An Irishman's Diary
FRITZ SENN’S voice choked with emotion. The 84-year-old director of the Zürich James Joyce Foundation stood at the podium, trembling, inarticulate but thereby voicing more of his distress than any spoken words could do. The last audible word he uttered, before recovering himself somewhat, was “trust”. And only feet away, sitting impassively, was Danis Rose, a director of the publishing company that had been the source of this pain. As Senn left the platform, the hall resounded to prolonged applause.
The biennial International James Joyce Symposium has known plenty of dramatic moments over the years. But for sheer raw emotion, nothing quite equalled the scene at the Dublin symposium this June as the panel, which I chaired, discussing the publication of “The Cats of Copenhagen”, the letter by Joyce to his grandson that is held by the Zürich Foundation and was published without the Foundation’s knowledge by the Dublin-based Ithys Press earlier this year. (The question of whether the foundation’s consent was needed is a matter of contention between the parties.)

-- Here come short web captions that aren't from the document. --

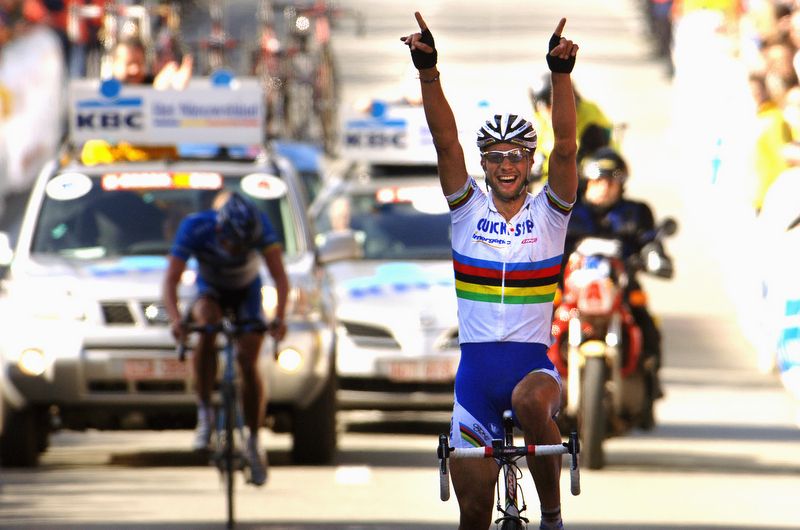 Tom Boonen celebrates his 2006 De Ronde win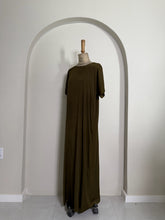 Load image into Gallery viewer, Dress and abaya
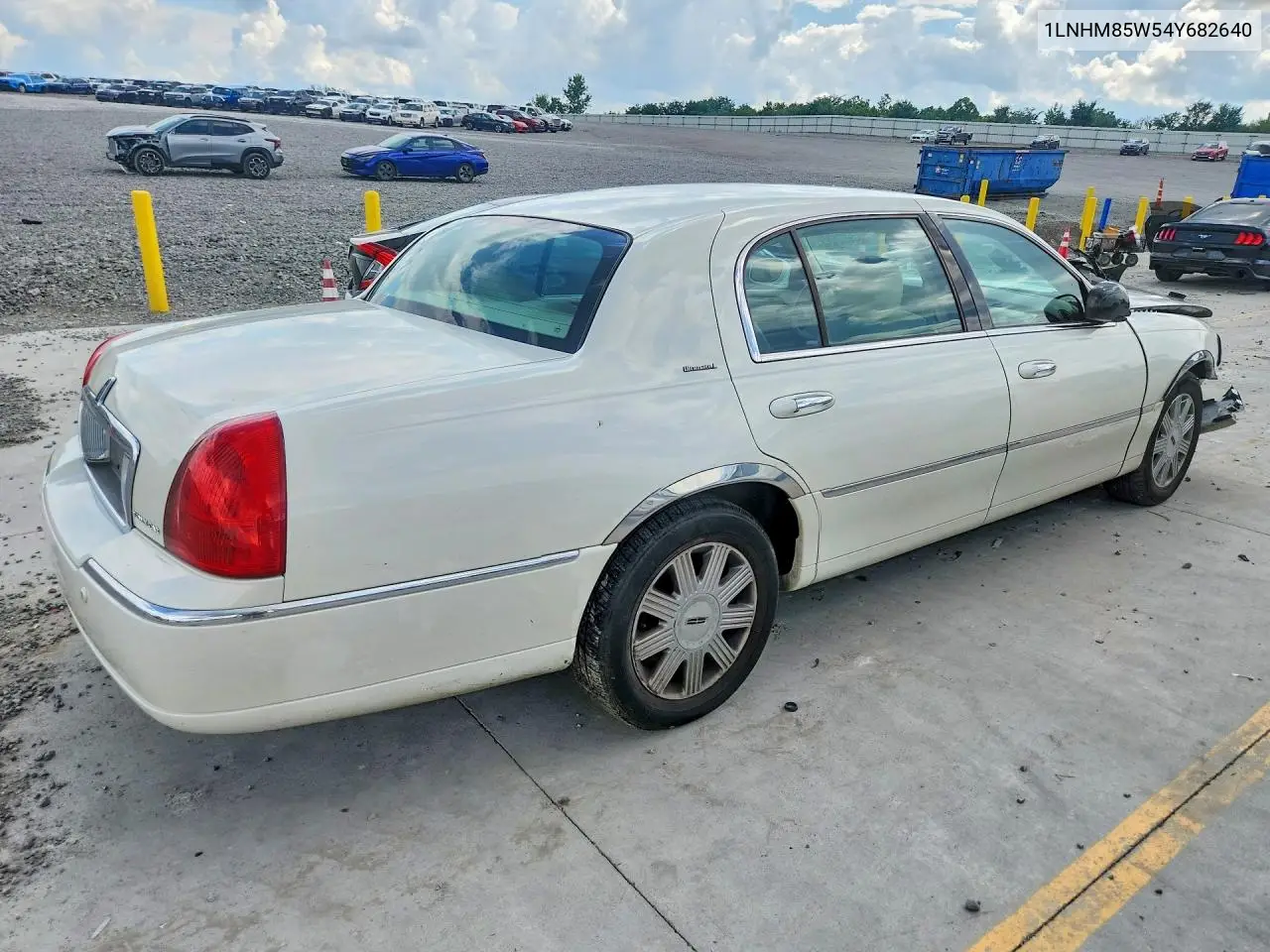 2004 Lincoln Town Car Ultimate Long Wheelbase VIN: 1LNHM85W54Y682640 Lot: 61781216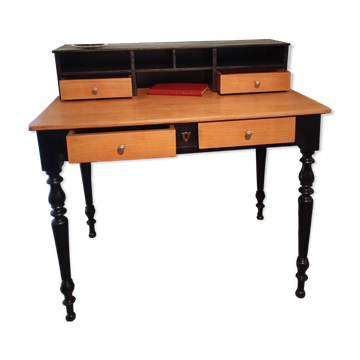 Restored antique desk in chic country style / two-tone black and wood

Rose’s reaction to Senn was muted indeed. He indicated that the “Cats” issue was a matter for another person and when it was pointed out that he was himself a director of Ithys Press he made no comment. A meeting of the members of the International James Joyce Foundation later unanimously endorsed the statement by the Zürich institution condemning the “Cats of Copenhagen” publication at the time of its appearance last February.
Copyright issues inevitably dominated the Dublin event, the first to be held here since 2004. This was not surprising, given that this is the year when the Joyce estate’s grip on copyright was finally released. This may sound like the arrival of the chosen people at the Promised Land; however, as Joyce’s own works teach us, the Promised Land is, in this world, always an illusory state. And indeed, the new situation has been marked by a number of interventions which have certainly caused considerable distress and dismay (and not only to the Zürich foundation), whatever their exact legal status.
Some of these questions were addressed in a plenary lecture by Robert Spoo, a US specialist in copyright law who is also a member of the board of the National Library of Ireland. Spoo’s lecture discussed some of the confusions and difficulties caused by differing copyright regimes in different countries, even within the EU, where the transfer of an overall EU directive into national laws led to widely differing interpretations.
He showed, for instance, how the apparent intentions of legislators can in fact be completely contradicted by the actual working of the law as drafted. All this may seem rather dry and abstract; the pain etched on the face and heard in the voiceless voice of Senn reminds one of the human cost of these developments.